Parking permits just got pricier
- The Oakland Tribune 2008-09-28
A City Council committee approved a hike in parking permit fees and recommended the “inefficient” permit program for a performance audit.
The Finance and Management Committee on Tuesday voted to increase fees for residential and business parking permit applications and renewals, which have remained constant since the program’s inception in the 1980s. In an advisory vote, it also moved for consideration of a performance audit of the program, using data collected over the next year.
The first-time resident permit application fee would go from $25 to $35, the resident permit renewal fee from $15 to $20, and the business application fee from $75 to $85. If approved by the City Council at an Oct. 7 meeting, the increases will become effective immediately.
Those increases are considerably lower than the staff recommendation brought before the subcommittee, which would have nearly tripled the current rates, raising them to $60, $50, and $110, respectively — making Oakland’s permits more expensive than any other Bay Area city except San Francisco.
That drastic change was recommended to help cover costs for the program and account for more than two decades of cost-of-living and operating increases.
Critics say any fee increase will do little to address the matter at hand.

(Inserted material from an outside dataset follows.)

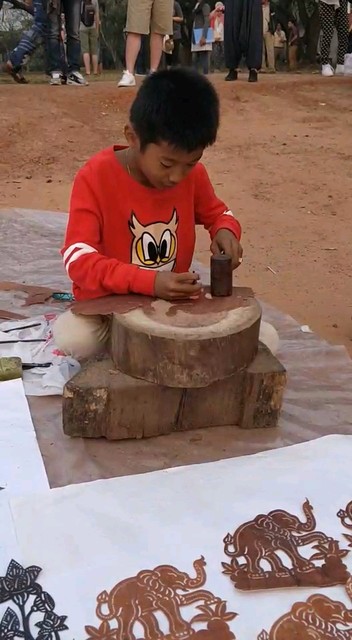 小工匠雕刻牛皮画，好美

They see a technologically anemic program that is poorly managed and unfairly penalizes residents, and a policy that is poorly enforced.
Parking division employees reportedly do not use computers to process more than 7,000 permits annually. The staff time and materials dedicated to the program will cost the city an estimated $224,101 in the current fiscal year; its revenue will be less than half that amount, according to a city staff report.
“It blows my mind that we could be that inefficient,” said District 3 Councilmember Nancy Nadel.
The parking permit program is subsidized through the General Fund. All city programs and agencies are being given a close look, as the city recently reported a deficit of approximately $50 million.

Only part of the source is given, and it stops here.